THE PROBLEM »
Reproduce the data below in full and exclude every picture.

PROVIDED DATA »

####################

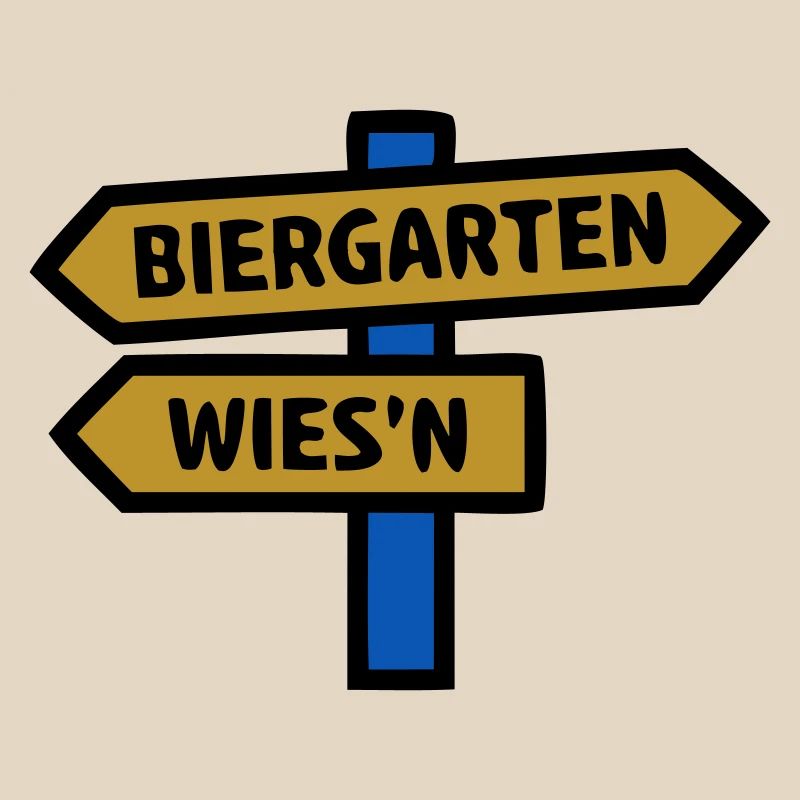 Wegweiser Biergarten Volksfest München Schild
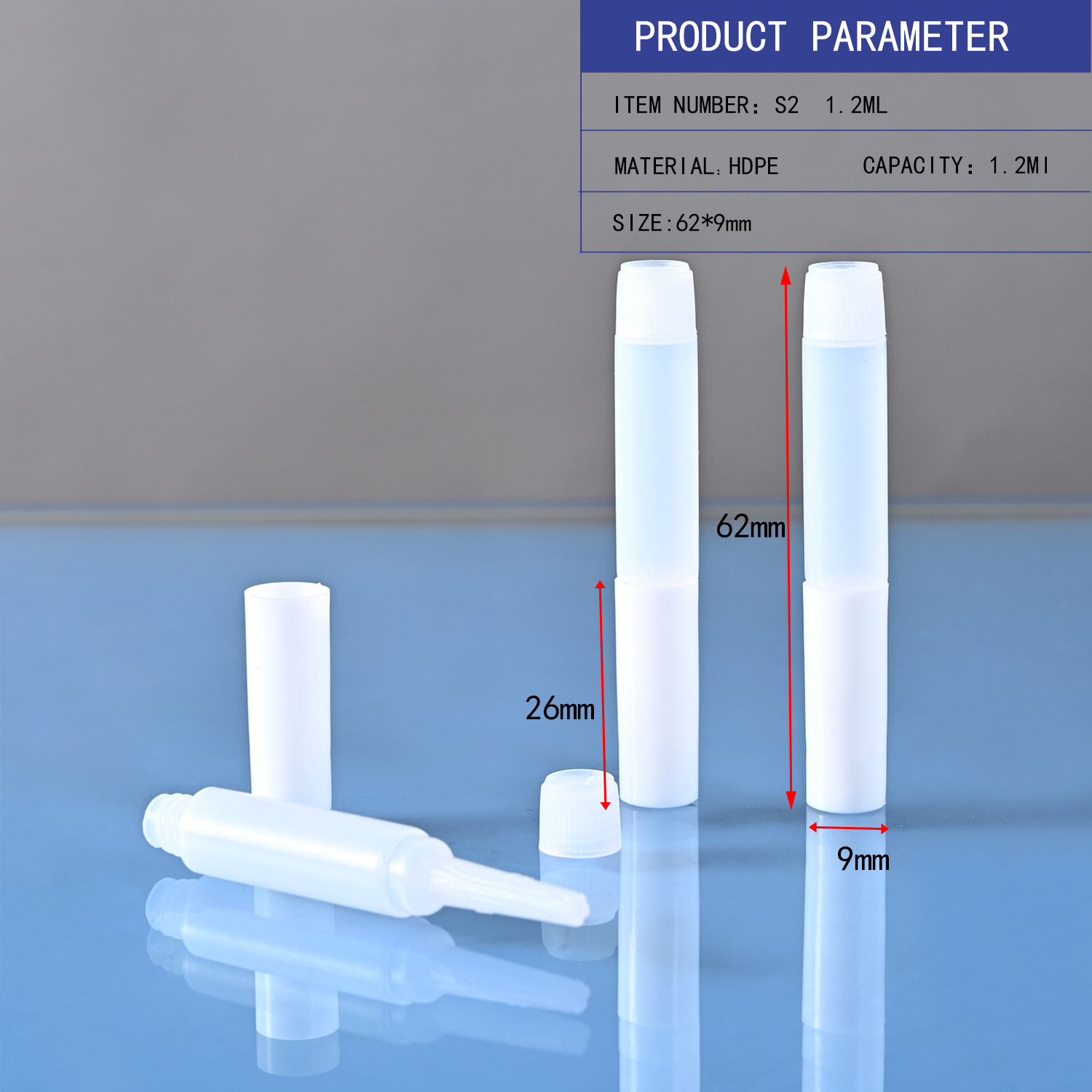 eyelash glue bottle small tube mini tube 0.5g 1g 2g cynoacrylate glue bottle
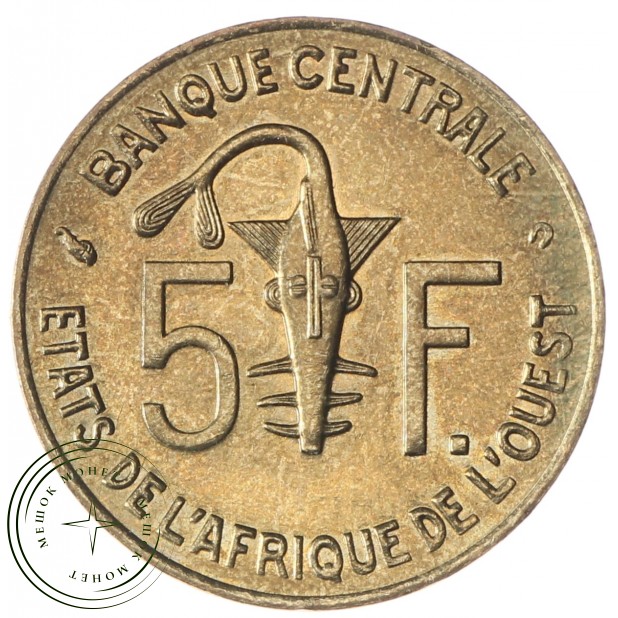 Западная Африка 5 франков 2002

####################

TASK RESPONSE »
 Wegweiser Biergarten Volksfest München Schild
 eyelash glue bottle small tube mini tube 0.5g 1g 2g cynoacrylate glue bottle
 Западная Африка 5 франков 2002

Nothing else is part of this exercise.